Autocorrelated Kernel Density Estimation

Christen H. Fleming and Justin M. Calabrese

2022-07-10

In this vignette we walk through autocorrelated kernel density estimation. We will assume that you have already estimated a good ctmm movement model for your data. For demonstration purposes we will be working from the results of the “Variograms and Model Selection” vignette (see vignette("variogram")). Here we will use the buffalo “Pepper” instead of “Cilla”, because Pepper has a GPS collar malfunction that can be mitigated with optimal weighting.

library(ctmm)
data(buffalo)
Pepper <- buffalo$Pepper
M.IID <- ctmm.fit(Pepper) # no autocorrelation timescales
GUESS <- ctmm.guess(Pepper,interactive=FALSE) # automated model guess
M.OUF <- ctmm.fit(Pepper,GUESS) # in general, use ctmm.select instead

M.IID is the innapropriate, IID model, which will result in a conventional kernel-density estimate, while M.OUF is the superior, continuous-velocity OUF model. Note that you want the best model for each individual, even if that differs by individual. Different movement behaviors and sampling schedules will reveal different autocorrelation structures in the data.

Now we can calculate a uniformly weighted akde object for each model.

KDE <- akde(Pepper,M.IID) # KDE
AKDE <- akde(Pepper,M.OUF) # AKDE

However, Pepper’s sampling schedule is anything but uniform.

# plot all sampling intervals
dt.plot(Pepper)

Keeping in mind that Pepper’s home-range crossing timescale is two weeks, we have several options for calculating optimal weights here. The exact algorithm is the easiest to implement, but it can be prohibitively slow on larger datasets (10k-100k). On the other hand, the fast algorithm can scale to extremely large datasets, but requires an appropriate choice of discrete-time grid dt argument. Here, for the fast algorithm, we need to either toss out the the tiny sampling intervals from the data or choose a tiny discrete-time grid dt argument.
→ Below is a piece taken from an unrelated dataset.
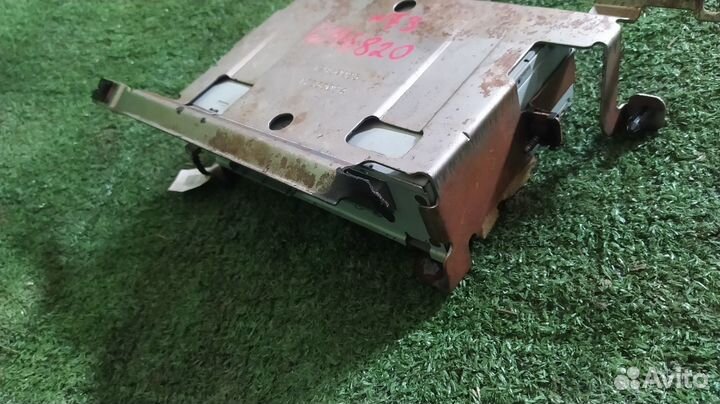 Электронный блок Cadillac Escalade кроссовер MFI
For the exact algorithm, Pepper’s 1,725 locations would not be prohibitive. On the other hand, for the fast algorithm, if we use the minimum sampling interval for dt and considering that Pepper was sampled for 8.5 months (summary(Pepper)) and has a minimum sampling interval of 3 minutes (min(diff(Pepper$t))), then the discrete-time grid would be (8.5 %#% 'month') / (3 %#% 'min') or 120k points, which is very feasible in terms of computer memory. (A very large discrete-time grid could cause an out-of-memory error!) Finally, we could toss out the tiny (and not very informative) sampling intervals and then use the fast algorithm with dt=1 %#% 'hr'. This would reduce the discrete-time grid size to (8.5 %#% 'month') / (1 %#% 'hr') or 6k points.
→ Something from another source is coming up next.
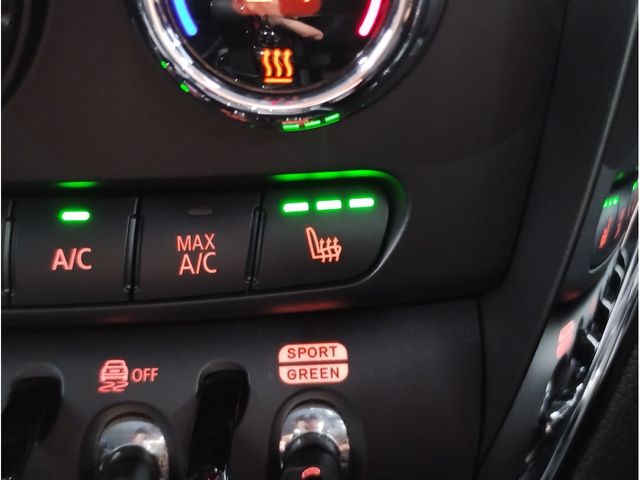 BMW MINI COOPER D CLUBMAN 2021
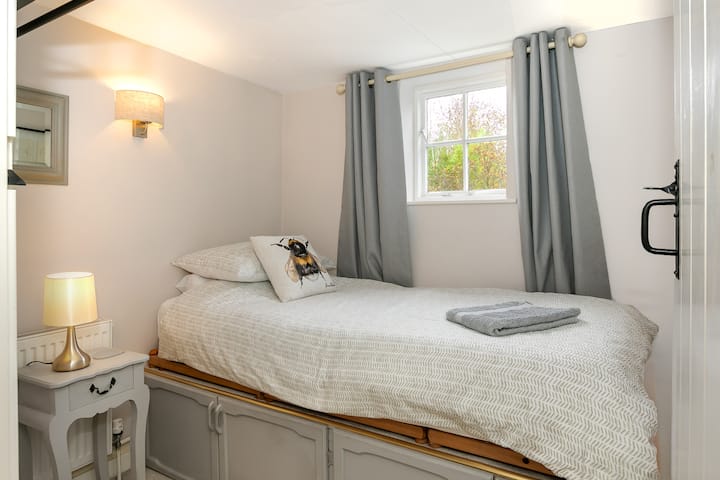 Cherry Tree Cott - high res-11 (1)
# Option 1) exact calculation - slow on larger datasets
# UD2w <- akde(Pepper,M.OUF,weights=TRUE,fast=FALSE,PC='direct')

# Option 2) use tiny dt
dt <- min(diff(Pepper$t))
wAKDE <- akde(Pepper,M.OUF,weights=TRUE,dt=dt)

# Option 3) remove tiny sampling intervals and use smaller dt
# dt <- 1 %#% 'hr'
# ...
# wAKDE <- akde(Pepper,M.OUF,weights=TRUE,dt=dt)

Now let us plot the results.

# calculate one extent for all UDs
EXT <- extent(list(KDE,AKDE,wAKDE),level=0.95)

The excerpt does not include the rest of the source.